Frente a tudo isso, a permanência do jovem na empresa passa, para Utimura, por uma grande virada de chave em R&S. “Ao invés de a gente eliminar pelo que {a pessoa} não tem, vamos selecionar pelo que {ela} tem”, sugere, referindo-se à lista de requisitos a serem avaliados. “Isso vai exigir que a pessoa {o recrutador} realmente deixe de lado a preguiça, gaste um pouco mais de tempo, mas conheça profundamente o talento. Até porque é muito caro recrutar errado. Vale a pena se aprofundar.”
Utimura, inclusive, não acredita em retenção que, para ela, é a consequência de outros elementos da oferta de trabalho além do job description. “Se a empresa traz uma boa remuneração, se o propósito é legal, se as lideranças são boas, se essa pessoa {o jovem talento} pode crescer, ela vai ficar. Se ela achar que não é aquele lugar, deixa ela ir.”
Para ela, a liderança é um fator importante para o jovem profissional continuar na empresa. A postura ao orientar o jovem é o principal meio de se liderar um talento da geração Z – e, conseguir mantê-lo na organização. A liderança deve ser capaz de reforçar positivamente o que é esperado da pessoa, seus bons comportamentos e boas entregas, e ser transparente nos feedbacks com foco em desenvolvimento.
Por fim, ela toca em um ponto crucial, o da experiência. É importante lembrar que um estagiário, trainee ou jovem aprendiz possivelmente nunca teve contato com uma cultura organizacional antes. Ele está ali para aprender e o líder está ali para ensinar e guiá-lo no seu desenvolvimento profissional. “É o seu exemplo e o que você traz, o que você reforça e o que deixa de reforçar que vão impactar muito essa pessoa.”

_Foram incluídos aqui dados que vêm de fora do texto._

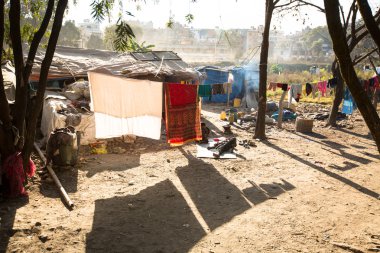 yasadışı tripureshwor bölgesinde, kathmandu gecekondu evlerde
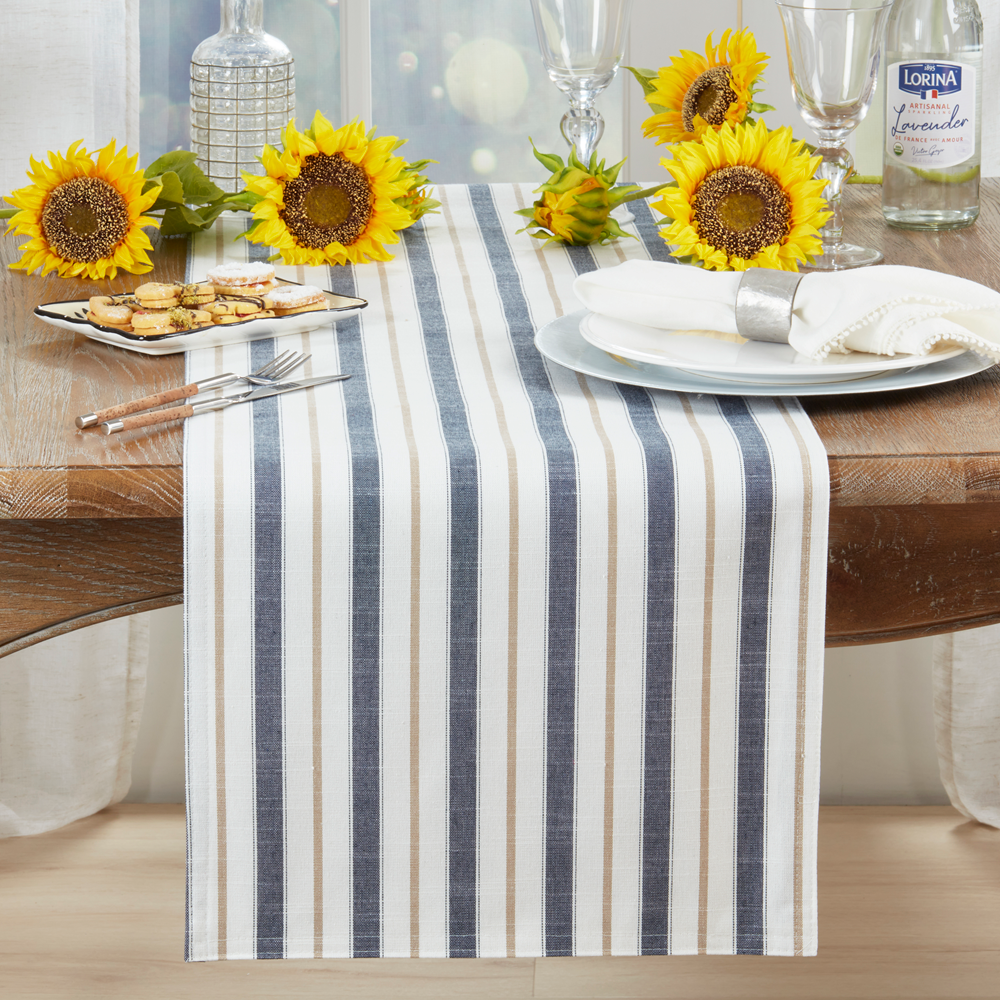 2090 - Blue Striped Linen Blend Table Runner – Multiple Sizes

Ainda sobre a alta rotatividade, Utimura questiona os jovens sobre se faz sentido mudar constantemente de trabalho em um cenário econômico como o do Brasil. “Se você está aprendendo, sente que tem qualidade de vida, que é ouvido, que é respeitado: fica. Vai querer trocar por quê? Qual é o motivo? Eu acho que tem um momento de se perceber que é muito menos {perseguir} essa receita de sucesso do LinkedIn e muito mais o que faz sentido para a gente.”
## Paciência, a habilidade essencial
Para lidar com um jovem imediatista e multitarefas, Carolina Utimura recomenda uma boa dose de paciência para os líderes. “É natural {o jovem} ficar ansioso; queremos evoluir, queremos ver as coisas acontecerem, mas nem sempre o tempo da empresa vai ser o nosso tempo. Então, tenha paciência.”
Para os jovens, ela recomenda duas habilidades: escuta e protagonismo. O jovem deve ter abertura para ouvir a liderança e entender como melhorar na sua função. E lembra que encontrar e trabalhar de acordo com o seu propósito não significa trabalhar menos. Pelo contrário. “A gente também tem que desmistificar e abrir a cabeça para ver que as coisas não são tão lindas assim.”
O protagonismo surge ao se assumir as rédeas da carreira, o que significa uma boa dose de pensamento crítico. “Traz menos sofrimento olhar as coisas com realismo e adotar um certo protagonismo”, diz. “A faculdade não vai dar tudo que você precisa, seus pais não vão dar todas as orientações que você precisa, a sua liderança não vai dizer exatamente tudo que você precisa aprender. E o RH não vai criar o programa perfeito de desenvolvimento. Eles podem até tentar ao máximo trazer as informações e as ferramentas, mas grande parte é sua responsabilidade”, conclui.